Zinedine Zidane's men couldn't lift La Liga in the end, even if they deserve credit for the way they mustered their strength to push Barcelona to the wire under the Frenchman, writes Tim Stannard.
The week in five words
Another league title fight lost
What went well
About 14 minutes went well. The 14 minutes when Real Madrid were theoretical league champions with the Bernabéu outfit 1-0 up at Deportivo and Barcelona still trying to grind down Granada.
But then Luis Suárez popped up with the first of three goals to see reality biting Madrid on the bum in what turned out to be a very drama-free conclusion to the league title race, compared to what was expected a week before, when three teams were going all guns blazing for the gong.
Aside from that near quarter-of-hour of potential glory, it is slim pickings from the week aside from the fact that at least Madrid were in a position to fail to win La Primera on the final day, as opposed to giving up the fight sometime in March.
A small pat on the pack from Cristiano Ronaldo is probably deserved though, after his brace saw the footballer reaching a tally of over 50 goals for Madrid in the past six seasons. The current total stands at 51 strikes with one match left to take care of in Milan.
It is less about the week and more about the season, but Madrid failed to win La Liga once again, which is the bread and butter of the club - or rather than toast and tomato, to convert it into more Iberian tastes.
Whilst the talk in AS was of the Madrid 'dying on their feet’ against Deportivo, the league title victory for Barcelona sees Madrid with just the single Primera win in the past eight years, the same as Atlético Madrid, who have spent slightly less.
However, it is true that a Champions League win will quickly help cleanse that record a touch, but a defeat to Atlético Madrid in Milan will see the season ending trophy-less and with the possibility of fellow Spanish sides, Barcelona, Atlético Madrid and Sevilla all winning trinkets.

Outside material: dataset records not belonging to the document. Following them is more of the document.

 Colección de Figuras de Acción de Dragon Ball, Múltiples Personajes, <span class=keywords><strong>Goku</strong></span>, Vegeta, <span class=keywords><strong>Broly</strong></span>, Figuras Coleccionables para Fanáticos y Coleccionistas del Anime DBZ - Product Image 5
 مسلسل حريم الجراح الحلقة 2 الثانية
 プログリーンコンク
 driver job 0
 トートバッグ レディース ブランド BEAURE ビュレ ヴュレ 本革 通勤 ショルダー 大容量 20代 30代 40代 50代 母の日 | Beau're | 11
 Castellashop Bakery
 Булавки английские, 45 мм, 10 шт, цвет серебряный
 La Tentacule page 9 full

Although the chances were slim of Ronaldo winning the Pichichi, a treble for Luis Suárez to better CR7’s brace meant that the chances of a late day surge were eliminated fairly quickly, meaning that the Portuguese's portal podium brought to La Riazor went unused.
Quote of the week
“How am I doing? Didn’t you watch the game?” - an incredulous Ronaldo modestly responds to some media enquiries as to his general state of being after being subbed at half-time during the Deportivo win.
The need-to-know facts
- Madrid under Zidane dropped just seven points from a possible 60 under the leadership of the French coach.
- The record of just one win in eight years is the worst run for Madrid since the 1953-54 season, when 17 campaigns flew by without a league title victory.
- After losing six games in a row at the Riazor against Deportivo, Madrid have now gone five matches there unbeaten.
- The win meant Madrid have now gone 11 straight games unbeaten on the road.
Video of the week
Want to see all 35 of Cristiano’s goals this season? Then click away here…
It’s time to give Zinedine Zidane a little love. Although Tomás Roncero was being more than a little mischievous in AS with the claim that the French manager 'won La Liga', Zizou did pick up four more points that Luis Enrique’s Barcelona in the 20 matches that Zidane was in charge, after gathering up the reigns from the now very forgotten Rafa Benítez.
The rookie in charge of Madrid took a lot of learnings from Carlo Ancelotti’s easy going approach and also added a bit of his own strong, stubborn personality in not pulling any punches. The trick undertaken by Zidane was to keep the superstars happy, but restore balance to the team by casting the shirt-selling James Rodríguez onto the bench and replacing the Colombian with the more defensively-minded Casemiro.
Florentino Pérez probably still feels that Madrid’s recent lack of success in the past seven years during his Second Coming, is all someone else’s fault: failing players, failing managers, failing referees not stopping Barcelona enough, failing weather.
But eventually, the euro has to fall that this was a league title that could well have been won had Carlo Ancelotti been in charge and the team had a season of stability rather than Sergio Ramos in-or-out, David de Gea in-or-out, Cristiano in-or-out, Rafa Benitez in-or-out and so on and so on.
But at least Madrid won something that matters a great deal to Pérez - the club is the most valuable in the world, according to Forbes. So that’s alright then.